INDEPTH: JAMAICA
Portia Simpson Miller: Jamaica's first woman PM
CBC News Online | February 28, 2006

Portia Simpson Miller is greeted by supporters, Feb. 25, 2006. (AP Photo/Collin Reid)
On the weekend when Portia Simpson Miller learned she would be the next prime minister of Jamaica, she offered a simple reason for her many successes in a career that has spanned 30 years in the rough-and-tumble world of Jamaican politics.
"When they see me, they see themselves," she told a reporter. "I think I am a true representative of the majority of Jamaicans."
That she would be the Caribbean nation's first woman prime minister was not lost on her supporters, who played up her gender in the campaign leading up to her election as president of the ruling People's National Party (PNP) – a win that would automatically make her the country's seventh prime minister in March 2006.
"It's Woman Time Now," her campaign declared. And when delegates picked her as the winner in the race for the party presidency, the Miami Herald reported that the reggae tunes, "The Strength of a Woman" and "Thank You Momma" were booming in the background.

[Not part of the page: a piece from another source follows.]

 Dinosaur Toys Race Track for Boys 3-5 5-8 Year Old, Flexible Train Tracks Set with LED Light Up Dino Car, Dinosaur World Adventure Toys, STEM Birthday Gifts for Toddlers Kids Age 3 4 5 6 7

Portia Simpson Miller was drawn to politics in the early 1970s (when she was known as Portia Simpson) by the man who was leading the PNP at the time – the charismatic Michael Manley, Jamaica's fifth PM. Manley was a socialist who tried to narrow the wide gap between rich and poor – a goal Simpson shares. She was a fiery speaker, known for her ability to stir crowds.
She won election in a local government race in 1972 and entered national politics four years later, as the MP running on the PNP ticket. She won every election she contested after that and was appointed to Manley's cabinet. When an ailing Manley stepped down in 1992, she tried to replace him but lost badly to P.J. Patterson. But her popularity soared and he appointed her to his first cabinet and re-appointed her in subsequent shuffles.
She married Errald Miller in 1998 and added his surname to hers.
Simpson Miller has her detractors, both inside and outside the party she now leads. The Jamaican media have sometimes accused her of not being bright enough. She tried to address that by heading off to a college in Florida for a degree in public administration.
The ministries she presided over have sometimes been embroiled in controversy. In 2005, she came under fierce attack for a major scandal in a waste management authority under her jurisdiction. But she remained enormously popular, with some polls showing her as the most popular politician in the country. Jamaicans identified with her working-class rural roots.
Her challenges as the head of government are immediate and daunting. Jamaica's drug and violent crime problem is immense, with more than 1,600 murders in 2005. She has promised to make that her first priority and outlined a six-step program to break the influence of gangs. And then there's the economy. Jamaica's national debt exceeds its annual GDP. Inflation and unemployment are high.
Jamaicans will have more than a year to assess her performance as prime minister before the country's next election expected in late 2007.